Give back the full listing verbatim, apart from its images.

:: Data block ::

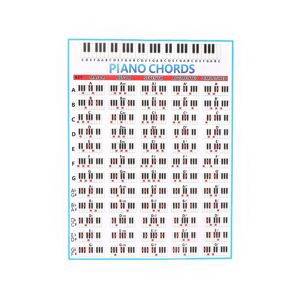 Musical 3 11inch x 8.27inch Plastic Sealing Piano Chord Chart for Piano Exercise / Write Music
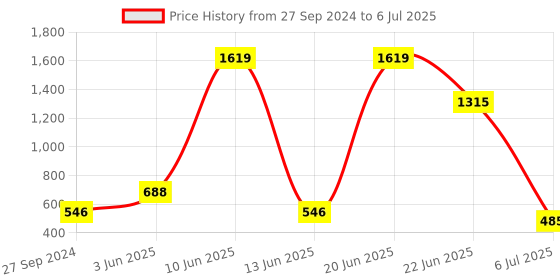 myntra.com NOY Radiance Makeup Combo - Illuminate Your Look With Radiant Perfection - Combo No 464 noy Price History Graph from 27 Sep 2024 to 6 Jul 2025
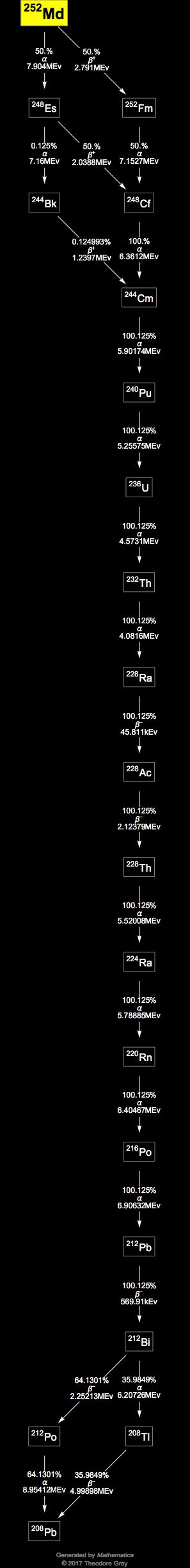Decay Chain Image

:::

(Written reply):
 Musical 3 11inch x 8.27inch Plastic Sealing Piano Chord Chart for Piano Exercise / Write Music
 myntra.com NOY Radiance Makeup Combo - Illuminate Your Look With Radiant Perfection - Combo No 464 noy Price History Graph from 27 Sep 2024 to 6 Jul 2025
Decay Chain Image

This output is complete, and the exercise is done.